Identify 3-5 areas where you notice design problems or opportunities for improvement.
For each area, write a "How might we..." statement that frames the problem as an opportunity.
Select the two most compelling problem areas to explore further.
Document your thinking process with photographs, sketches, or notes.
Objective: Gather initial insights about your chosen design problem areas.
Activities:
Conduct preliminary research on your two problem areas - find 3-4 examples of existing solutions.
Analyze the contexts in which these problems exist (physical, social, cultural environments).
Document 5+ images/examples related to each problem area.
Create a "Context Board" for each problem that visualizes where and when the problem occurs.
Write a paragraph explaining why these problems matter and who they affect.

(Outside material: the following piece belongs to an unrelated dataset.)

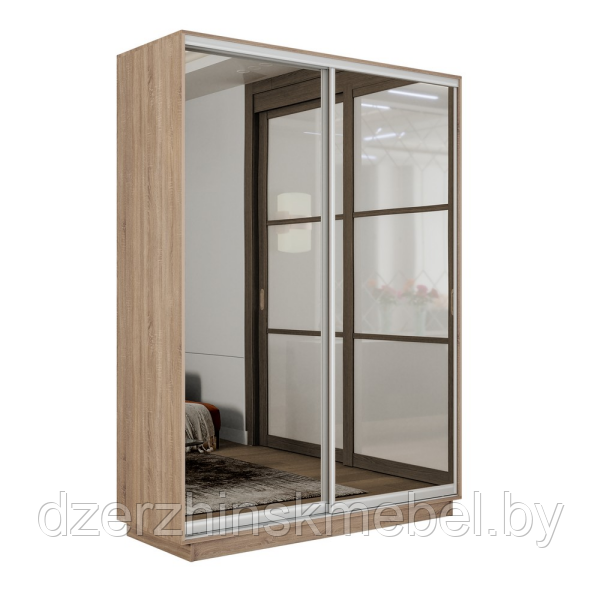 Шкаф-купе Экспресс-2 1200х2200х450 Сонома (2 зеркала)
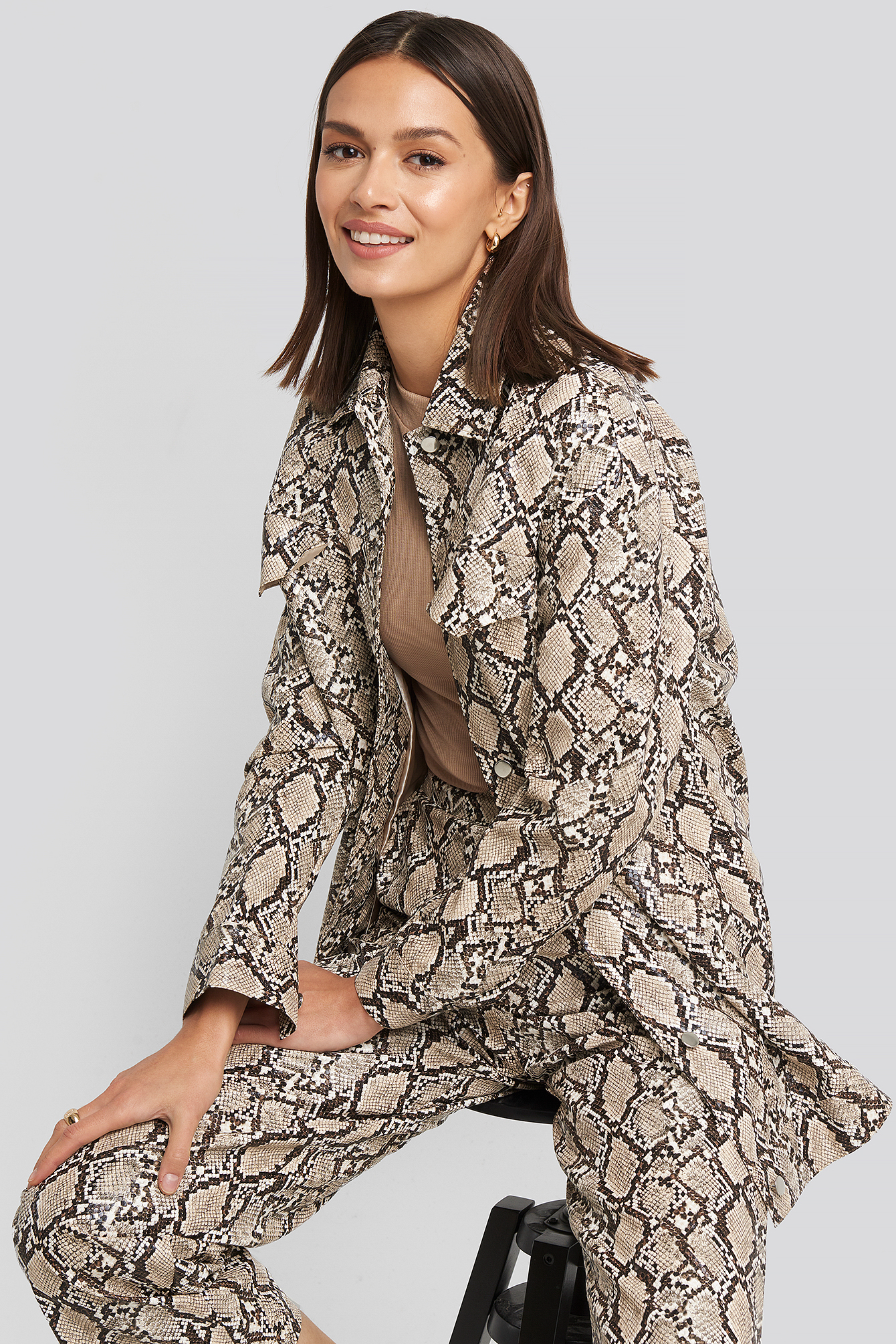 Snake Printed Shirt Jacket Print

Objective: Develop ethical research strategies to understand stakeholder perspectives.
Activities:
Identify key stakeholders for each of your problem areas.
Create a stakeholder map showing connections between different groups.
Develop 5-7 ethical interview questions for primary stakeholders.
Design a short observation protocol (what to watch for, how to document findings).
Plan your research timeline and approach for gathering insights.
Consider potential ethical issues and how you'll address them.
Objective: Gather firsthand insights about your design problems.
Conduct at least two interviews with relevant stakeholders.
Spend 20 minutes observing the context where your design problem exists.
Take photographs (with permission) or create sketches documenting the problem.
Collect any relevant materials, publications, or examples.
Record your findings in a structured format (notes, recordings, photographs).
Objective: Transform research data into meaningful insights.
Activities:
Review all collected research materials and organize them visually.
Create an affinity diagram grouping similar findings and identifying patterns.
Develop an empathy map for a key stakeholder (what they think, feel, say, and do).
Identify 3-5 key insights that emerged from your research.
Create a "Problem Statement Board" that clearly articulates the core design problems.
Begin identifying potential communication needs related to each problem.